EXERCISE BRIEF: From the records below, copy out exactly the lines from the one containing "See FUN HOME" to the one containing "#FunHomeMusical #AlisonBechdel #FunHome", both included. Add nothing else.

RECORDS PROVIDED:
◆ ◆ ◆ ◆ ◆ ◆ ◆
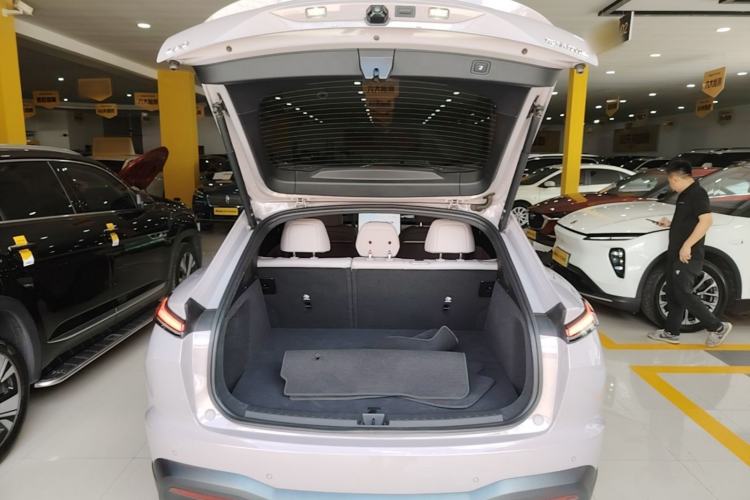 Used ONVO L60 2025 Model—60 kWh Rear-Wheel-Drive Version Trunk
◆ ◆ ◆ ◆ ◆ ◆ ◆
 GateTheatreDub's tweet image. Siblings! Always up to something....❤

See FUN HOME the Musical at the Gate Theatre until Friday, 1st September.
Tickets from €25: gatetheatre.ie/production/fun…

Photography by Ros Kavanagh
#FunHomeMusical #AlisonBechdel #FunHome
◆ ◆ ◆ ◆ ◆ ◆ ◆
ANSWER BELOW:
See FUN HOME the Musical at the Gate Theatre until Friday, 1st September.
Tickets from €25: gatetheatre.ie/production/fun…

Photography by Ros Kavanagh
#FunHomeMusical #AlisonBechdel #FunHome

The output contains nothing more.